Der Beitrag ist nicht übel, verdeutlicht er eine bestimmte Sichtweise und argumentiert dabei sachlich. Versteht man das Elterngeld vor allem als Kompensation für einen Verdienstausfall, dann – in der Tat – ist die Kürzung für Arbeitslose eine notwendige Korrektur.

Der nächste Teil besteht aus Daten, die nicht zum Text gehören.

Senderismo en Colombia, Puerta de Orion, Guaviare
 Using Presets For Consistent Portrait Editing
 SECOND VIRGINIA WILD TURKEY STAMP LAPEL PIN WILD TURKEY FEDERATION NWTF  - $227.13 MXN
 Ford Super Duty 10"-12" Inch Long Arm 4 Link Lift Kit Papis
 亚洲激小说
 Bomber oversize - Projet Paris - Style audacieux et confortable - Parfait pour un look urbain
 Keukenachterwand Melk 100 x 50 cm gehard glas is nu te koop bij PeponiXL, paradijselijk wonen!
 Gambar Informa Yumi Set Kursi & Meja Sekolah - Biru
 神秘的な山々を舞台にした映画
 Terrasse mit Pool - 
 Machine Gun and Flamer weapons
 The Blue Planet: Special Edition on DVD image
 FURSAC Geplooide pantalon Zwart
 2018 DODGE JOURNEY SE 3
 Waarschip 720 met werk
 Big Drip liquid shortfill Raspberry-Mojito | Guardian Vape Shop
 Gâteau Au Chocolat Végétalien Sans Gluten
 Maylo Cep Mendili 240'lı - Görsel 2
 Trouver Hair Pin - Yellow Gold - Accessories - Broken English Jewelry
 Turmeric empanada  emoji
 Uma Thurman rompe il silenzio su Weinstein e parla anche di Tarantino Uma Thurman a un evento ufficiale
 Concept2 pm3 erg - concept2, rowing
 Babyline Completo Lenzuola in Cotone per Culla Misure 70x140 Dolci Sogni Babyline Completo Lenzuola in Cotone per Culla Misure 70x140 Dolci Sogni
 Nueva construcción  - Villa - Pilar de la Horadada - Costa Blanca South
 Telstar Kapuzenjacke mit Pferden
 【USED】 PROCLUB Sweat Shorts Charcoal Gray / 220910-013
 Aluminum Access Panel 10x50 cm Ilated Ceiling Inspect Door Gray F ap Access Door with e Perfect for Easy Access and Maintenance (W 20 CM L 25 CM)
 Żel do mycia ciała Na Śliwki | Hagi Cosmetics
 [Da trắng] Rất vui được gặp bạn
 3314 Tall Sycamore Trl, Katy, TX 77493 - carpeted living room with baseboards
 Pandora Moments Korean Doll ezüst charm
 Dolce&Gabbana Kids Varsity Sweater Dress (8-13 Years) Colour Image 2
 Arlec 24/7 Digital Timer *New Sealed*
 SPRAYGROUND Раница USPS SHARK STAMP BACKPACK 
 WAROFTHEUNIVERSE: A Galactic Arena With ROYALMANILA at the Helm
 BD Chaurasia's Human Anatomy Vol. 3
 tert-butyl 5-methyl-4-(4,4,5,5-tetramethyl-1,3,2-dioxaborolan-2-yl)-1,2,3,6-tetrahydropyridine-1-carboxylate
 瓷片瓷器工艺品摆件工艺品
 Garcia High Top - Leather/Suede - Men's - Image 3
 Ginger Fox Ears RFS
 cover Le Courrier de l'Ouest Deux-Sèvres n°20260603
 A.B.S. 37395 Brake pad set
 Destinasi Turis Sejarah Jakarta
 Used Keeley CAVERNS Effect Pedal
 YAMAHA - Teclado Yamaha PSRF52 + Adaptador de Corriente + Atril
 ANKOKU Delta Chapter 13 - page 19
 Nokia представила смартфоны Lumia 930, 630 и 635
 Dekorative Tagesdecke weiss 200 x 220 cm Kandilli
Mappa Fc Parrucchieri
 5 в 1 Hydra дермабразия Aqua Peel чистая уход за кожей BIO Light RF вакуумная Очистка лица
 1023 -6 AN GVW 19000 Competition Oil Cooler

Denkbar halte ich es allerdings, dass der Autor zwei Aspekte vernachlässigt hat:
1. Der Zweck des Elterngeldes bei seiner Einführung beschränkte sich nicht auf den Zweck als Verdienstausfall-Kompensation. So, wie ich mich erinnere, wurde das Elterngeld bei seiner Einführung als „Wurfprämie“ verspottet, und vom sachlichen Gehalt her, war das nicht falsch: Tatsächlich sollten Eltern damit dazu angeregt werden – auch arbeitslose Eltern! – Kinder zur Welt zu bringen. Gleichwohl ist mein Argument imho nur halb (aber immerhin) stichhaltig, denn – obgleich nicht offen ausgesprochen – war das Elterngeld zugleich auch Ausdruck einer bestimmten Klientelpolitik (zu denen Arbeitslose nicht zählten) bzw., moderater formuliert, sollten damit besonders jene (potentielle) Eltern unterstützt und ermuntert werden, welche als Mittelschicht oder auf einer höheren Ebene im Arbeitsleben stehen. Nur, ganz offen wurde das von Frau Leyen (die Konstrukteurin dieses Instruments) nicht kommuniziert – und tatsächlich gibt es auch Grund zur Annahme, dass die „Wurfprämie“ tatsächlich auch in unteren Einkommenschichten und bei Arbeitslosen erwünscht war, um auch dort Kinderwünsche anzuregen. Man wollte zugleich – in der ganzen Gesellschaft – die Väter stärker einbinden („Vätermonate“), was durchaus gelang.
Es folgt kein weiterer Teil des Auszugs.